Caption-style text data
+ + + +

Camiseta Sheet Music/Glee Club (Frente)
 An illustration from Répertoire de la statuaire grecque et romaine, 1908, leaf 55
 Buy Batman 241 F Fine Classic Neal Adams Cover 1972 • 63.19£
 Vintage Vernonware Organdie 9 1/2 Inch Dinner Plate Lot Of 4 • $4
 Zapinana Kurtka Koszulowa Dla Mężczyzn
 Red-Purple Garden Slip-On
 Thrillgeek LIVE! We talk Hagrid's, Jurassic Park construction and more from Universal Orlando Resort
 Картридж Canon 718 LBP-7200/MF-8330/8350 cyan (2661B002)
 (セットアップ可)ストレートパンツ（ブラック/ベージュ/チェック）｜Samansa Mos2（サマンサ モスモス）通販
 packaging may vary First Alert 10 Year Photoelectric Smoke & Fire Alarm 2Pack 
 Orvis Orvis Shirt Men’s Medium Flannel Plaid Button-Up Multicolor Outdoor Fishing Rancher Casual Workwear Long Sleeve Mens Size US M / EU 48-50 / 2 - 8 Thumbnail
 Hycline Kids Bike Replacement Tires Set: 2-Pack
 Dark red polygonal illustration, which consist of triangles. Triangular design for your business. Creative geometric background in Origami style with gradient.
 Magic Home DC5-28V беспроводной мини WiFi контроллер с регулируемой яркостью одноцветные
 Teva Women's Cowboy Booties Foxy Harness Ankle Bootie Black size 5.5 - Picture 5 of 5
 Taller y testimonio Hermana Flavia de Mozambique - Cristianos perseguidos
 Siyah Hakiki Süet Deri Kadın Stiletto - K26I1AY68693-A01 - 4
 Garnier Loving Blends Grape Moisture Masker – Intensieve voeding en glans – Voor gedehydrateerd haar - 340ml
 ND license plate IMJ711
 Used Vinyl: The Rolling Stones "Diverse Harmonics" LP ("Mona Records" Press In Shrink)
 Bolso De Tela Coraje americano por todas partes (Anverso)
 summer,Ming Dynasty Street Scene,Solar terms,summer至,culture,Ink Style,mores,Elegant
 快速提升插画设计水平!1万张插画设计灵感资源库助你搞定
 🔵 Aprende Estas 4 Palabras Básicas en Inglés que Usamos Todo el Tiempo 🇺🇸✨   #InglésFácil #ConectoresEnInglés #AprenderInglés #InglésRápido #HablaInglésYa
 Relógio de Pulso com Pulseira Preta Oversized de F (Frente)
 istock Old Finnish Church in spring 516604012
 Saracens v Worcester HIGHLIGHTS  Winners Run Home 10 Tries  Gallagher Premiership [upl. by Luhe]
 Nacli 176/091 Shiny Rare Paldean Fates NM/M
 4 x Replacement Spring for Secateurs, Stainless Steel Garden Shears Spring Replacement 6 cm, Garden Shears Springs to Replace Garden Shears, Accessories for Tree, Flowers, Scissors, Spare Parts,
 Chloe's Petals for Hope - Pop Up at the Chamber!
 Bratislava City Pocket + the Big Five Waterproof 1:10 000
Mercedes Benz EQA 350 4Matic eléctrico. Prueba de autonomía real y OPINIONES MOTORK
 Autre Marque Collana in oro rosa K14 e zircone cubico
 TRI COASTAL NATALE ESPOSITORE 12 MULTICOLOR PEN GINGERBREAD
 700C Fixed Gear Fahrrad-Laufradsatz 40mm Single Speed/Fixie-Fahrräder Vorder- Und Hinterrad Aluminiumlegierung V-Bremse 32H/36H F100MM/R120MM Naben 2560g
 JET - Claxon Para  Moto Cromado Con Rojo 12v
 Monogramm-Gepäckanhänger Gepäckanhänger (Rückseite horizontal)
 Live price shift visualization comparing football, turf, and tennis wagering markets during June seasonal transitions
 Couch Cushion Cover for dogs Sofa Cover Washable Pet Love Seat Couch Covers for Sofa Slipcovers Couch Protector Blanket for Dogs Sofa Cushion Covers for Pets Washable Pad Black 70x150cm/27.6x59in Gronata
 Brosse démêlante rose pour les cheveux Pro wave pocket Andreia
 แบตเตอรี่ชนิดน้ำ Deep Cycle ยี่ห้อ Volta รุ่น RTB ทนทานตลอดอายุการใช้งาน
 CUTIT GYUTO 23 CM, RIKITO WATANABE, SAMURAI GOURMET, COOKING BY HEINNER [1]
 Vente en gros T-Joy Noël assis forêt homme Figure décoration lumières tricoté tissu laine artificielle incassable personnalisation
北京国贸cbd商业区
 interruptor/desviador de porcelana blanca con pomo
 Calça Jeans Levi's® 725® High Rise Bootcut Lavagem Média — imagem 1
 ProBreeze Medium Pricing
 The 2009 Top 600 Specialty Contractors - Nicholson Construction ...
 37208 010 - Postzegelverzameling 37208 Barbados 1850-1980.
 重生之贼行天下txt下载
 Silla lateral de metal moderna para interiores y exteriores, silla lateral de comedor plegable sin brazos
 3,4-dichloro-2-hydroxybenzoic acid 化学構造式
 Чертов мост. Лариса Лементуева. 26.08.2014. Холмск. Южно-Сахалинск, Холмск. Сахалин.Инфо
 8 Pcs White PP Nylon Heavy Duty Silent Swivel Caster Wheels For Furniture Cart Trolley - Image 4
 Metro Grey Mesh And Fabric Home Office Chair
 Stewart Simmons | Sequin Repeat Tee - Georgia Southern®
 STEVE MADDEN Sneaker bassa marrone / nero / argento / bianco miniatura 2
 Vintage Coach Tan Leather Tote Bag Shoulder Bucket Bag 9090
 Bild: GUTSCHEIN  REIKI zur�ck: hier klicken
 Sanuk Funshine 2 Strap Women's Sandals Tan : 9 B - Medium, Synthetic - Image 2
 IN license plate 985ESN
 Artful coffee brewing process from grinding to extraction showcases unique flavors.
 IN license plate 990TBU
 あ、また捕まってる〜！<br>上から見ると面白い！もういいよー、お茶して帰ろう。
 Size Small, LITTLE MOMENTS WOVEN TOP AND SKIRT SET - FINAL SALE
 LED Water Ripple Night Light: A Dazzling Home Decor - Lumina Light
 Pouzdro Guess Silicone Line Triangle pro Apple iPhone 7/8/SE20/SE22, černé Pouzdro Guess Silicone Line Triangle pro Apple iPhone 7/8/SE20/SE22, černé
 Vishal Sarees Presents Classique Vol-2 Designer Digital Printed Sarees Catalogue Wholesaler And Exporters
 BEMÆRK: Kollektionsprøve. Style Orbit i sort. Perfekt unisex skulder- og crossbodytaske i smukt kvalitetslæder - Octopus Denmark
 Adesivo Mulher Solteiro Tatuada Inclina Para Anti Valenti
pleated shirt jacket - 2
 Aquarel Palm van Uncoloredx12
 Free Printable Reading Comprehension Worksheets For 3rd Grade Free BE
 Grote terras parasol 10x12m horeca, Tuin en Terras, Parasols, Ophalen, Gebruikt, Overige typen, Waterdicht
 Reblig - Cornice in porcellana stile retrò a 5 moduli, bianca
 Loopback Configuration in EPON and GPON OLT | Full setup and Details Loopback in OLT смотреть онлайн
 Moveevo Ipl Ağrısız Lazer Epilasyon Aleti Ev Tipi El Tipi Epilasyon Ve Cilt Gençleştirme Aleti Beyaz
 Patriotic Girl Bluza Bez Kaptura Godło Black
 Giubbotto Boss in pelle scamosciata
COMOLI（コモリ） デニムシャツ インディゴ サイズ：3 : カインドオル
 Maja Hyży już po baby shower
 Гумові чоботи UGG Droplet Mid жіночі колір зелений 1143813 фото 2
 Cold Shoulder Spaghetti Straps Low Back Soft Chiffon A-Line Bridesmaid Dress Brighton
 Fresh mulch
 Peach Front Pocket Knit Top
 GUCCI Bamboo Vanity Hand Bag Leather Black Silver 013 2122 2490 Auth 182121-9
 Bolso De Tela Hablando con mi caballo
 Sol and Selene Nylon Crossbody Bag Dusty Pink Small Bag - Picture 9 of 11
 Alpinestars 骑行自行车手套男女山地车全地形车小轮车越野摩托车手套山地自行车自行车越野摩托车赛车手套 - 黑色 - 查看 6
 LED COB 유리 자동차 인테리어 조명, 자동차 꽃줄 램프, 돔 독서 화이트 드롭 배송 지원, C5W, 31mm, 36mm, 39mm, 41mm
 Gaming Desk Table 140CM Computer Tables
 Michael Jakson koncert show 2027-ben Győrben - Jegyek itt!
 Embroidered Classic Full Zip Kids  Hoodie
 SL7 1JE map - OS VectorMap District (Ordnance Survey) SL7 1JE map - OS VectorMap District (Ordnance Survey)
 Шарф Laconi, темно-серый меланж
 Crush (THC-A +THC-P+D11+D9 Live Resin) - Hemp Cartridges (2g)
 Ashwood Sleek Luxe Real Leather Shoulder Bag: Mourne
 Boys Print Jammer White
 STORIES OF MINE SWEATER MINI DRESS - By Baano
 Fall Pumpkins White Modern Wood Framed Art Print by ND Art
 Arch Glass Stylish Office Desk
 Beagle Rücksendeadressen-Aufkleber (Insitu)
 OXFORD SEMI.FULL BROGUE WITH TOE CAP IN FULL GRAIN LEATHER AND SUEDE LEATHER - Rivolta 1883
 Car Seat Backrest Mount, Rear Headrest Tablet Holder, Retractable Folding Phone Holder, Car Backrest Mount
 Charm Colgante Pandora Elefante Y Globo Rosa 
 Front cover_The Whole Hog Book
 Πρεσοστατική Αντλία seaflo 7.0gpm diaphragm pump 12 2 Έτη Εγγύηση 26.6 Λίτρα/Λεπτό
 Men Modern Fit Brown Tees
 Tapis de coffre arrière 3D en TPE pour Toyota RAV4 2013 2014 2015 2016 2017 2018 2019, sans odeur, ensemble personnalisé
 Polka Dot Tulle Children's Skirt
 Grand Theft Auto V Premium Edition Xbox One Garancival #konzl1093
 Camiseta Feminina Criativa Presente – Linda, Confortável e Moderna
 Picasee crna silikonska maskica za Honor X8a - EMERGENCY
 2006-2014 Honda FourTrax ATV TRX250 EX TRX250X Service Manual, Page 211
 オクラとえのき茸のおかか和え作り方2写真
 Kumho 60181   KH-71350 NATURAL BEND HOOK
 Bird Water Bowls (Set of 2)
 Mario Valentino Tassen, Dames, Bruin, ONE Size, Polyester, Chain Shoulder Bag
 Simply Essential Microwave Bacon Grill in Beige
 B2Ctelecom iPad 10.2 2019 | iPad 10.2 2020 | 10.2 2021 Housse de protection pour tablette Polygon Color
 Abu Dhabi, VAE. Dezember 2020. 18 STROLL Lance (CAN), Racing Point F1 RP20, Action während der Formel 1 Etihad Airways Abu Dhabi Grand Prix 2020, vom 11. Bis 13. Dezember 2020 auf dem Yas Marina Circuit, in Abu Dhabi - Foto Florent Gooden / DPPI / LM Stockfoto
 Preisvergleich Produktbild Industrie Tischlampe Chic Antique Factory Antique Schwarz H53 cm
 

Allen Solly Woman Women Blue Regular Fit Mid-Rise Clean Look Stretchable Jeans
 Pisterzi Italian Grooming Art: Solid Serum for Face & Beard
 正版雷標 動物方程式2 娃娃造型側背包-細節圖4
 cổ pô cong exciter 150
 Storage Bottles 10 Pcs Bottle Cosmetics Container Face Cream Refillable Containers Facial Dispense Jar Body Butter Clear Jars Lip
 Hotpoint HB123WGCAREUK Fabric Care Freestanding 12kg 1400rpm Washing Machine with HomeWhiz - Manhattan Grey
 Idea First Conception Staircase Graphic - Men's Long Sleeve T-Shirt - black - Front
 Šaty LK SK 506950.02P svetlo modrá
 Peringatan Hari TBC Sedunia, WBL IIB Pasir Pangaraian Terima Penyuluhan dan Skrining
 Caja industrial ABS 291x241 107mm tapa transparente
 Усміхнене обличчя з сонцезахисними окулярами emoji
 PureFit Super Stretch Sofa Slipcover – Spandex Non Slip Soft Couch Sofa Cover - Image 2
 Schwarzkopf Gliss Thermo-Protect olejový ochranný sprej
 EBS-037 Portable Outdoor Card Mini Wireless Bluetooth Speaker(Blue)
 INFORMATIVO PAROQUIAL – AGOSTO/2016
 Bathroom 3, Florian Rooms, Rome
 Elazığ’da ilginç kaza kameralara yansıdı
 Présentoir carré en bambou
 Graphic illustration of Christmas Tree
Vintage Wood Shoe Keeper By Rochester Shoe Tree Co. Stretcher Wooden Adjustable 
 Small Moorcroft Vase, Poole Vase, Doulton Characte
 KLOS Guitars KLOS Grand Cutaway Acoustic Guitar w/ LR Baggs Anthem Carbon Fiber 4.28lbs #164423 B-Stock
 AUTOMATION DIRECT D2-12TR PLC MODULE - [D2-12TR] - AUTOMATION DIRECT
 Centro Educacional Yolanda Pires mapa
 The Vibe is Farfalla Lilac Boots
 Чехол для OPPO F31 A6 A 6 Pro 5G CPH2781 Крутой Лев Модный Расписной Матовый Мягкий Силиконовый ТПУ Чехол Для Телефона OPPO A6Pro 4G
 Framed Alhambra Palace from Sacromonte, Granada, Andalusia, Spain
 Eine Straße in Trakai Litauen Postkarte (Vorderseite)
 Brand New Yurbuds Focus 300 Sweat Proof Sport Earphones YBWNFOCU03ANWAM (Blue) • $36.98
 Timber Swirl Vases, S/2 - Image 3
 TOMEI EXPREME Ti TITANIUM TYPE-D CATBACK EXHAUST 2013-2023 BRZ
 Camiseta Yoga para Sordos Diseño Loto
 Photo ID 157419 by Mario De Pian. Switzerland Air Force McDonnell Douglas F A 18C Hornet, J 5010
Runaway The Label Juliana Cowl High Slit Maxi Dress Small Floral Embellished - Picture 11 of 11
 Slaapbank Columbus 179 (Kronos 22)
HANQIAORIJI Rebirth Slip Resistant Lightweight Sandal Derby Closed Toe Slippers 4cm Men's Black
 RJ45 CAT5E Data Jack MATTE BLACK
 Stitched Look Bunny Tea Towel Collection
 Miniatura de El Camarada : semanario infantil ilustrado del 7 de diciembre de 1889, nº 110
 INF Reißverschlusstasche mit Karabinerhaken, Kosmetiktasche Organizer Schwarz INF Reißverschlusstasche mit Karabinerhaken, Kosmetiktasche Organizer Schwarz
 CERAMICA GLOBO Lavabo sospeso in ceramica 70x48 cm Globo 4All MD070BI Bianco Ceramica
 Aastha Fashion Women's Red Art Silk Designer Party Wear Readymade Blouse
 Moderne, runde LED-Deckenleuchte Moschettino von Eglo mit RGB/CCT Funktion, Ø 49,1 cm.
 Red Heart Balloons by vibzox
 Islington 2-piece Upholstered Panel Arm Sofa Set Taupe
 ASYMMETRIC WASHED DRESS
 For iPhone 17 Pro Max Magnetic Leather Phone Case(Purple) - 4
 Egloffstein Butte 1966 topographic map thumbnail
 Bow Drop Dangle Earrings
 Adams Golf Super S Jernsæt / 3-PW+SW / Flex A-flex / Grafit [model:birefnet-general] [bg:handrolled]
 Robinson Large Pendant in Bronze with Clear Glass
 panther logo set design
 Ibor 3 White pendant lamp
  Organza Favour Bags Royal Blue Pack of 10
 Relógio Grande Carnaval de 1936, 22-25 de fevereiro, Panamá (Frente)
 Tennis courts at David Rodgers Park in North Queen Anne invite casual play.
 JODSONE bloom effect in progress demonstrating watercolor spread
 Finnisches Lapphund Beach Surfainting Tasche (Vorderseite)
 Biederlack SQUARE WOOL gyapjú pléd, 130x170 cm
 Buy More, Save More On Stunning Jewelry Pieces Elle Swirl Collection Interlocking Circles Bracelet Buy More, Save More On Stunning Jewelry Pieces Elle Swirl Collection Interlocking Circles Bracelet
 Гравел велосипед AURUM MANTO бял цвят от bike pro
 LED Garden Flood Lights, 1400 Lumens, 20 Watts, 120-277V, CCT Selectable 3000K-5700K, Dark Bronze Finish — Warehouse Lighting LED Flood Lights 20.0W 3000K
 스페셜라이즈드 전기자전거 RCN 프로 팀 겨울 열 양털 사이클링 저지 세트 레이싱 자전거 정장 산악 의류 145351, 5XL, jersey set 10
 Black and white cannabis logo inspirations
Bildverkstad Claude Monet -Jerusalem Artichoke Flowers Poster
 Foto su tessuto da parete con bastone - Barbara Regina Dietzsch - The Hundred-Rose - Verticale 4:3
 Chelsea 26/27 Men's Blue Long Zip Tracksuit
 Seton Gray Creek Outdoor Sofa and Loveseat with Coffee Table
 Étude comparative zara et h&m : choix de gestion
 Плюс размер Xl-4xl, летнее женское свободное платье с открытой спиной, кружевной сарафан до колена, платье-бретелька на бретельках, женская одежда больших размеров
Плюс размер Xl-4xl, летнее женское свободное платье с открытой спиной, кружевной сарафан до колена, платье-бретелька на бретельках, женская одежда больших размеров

+ + + +

■ ACTIVITY: Please copy the lines in the records above between the one holding "Hotpoint HB123WGCAREUK Fabric" and the one holding "Caja industrial ABS", inclusive, exactly and with no other line.

■ RESULT:
 Hotpoint HB123WGCAREUK Fabric Care Freestanding 12kg 1400rpm Washing Machine with HomeWhiz - Manhattan Grey
 Idea First Conception Staircase Graphic - Men's Long Sleeve T-Shirt - black - Front
 Šaty LK SK 506950.02P svetlo modrá
 Peringatan Hari TBC Sedunia, WBL IIB Pasir Pangaraian Terima Penyuluhan dan Skrining
 Caja industrial ABS 291x241 107mm tapa transparente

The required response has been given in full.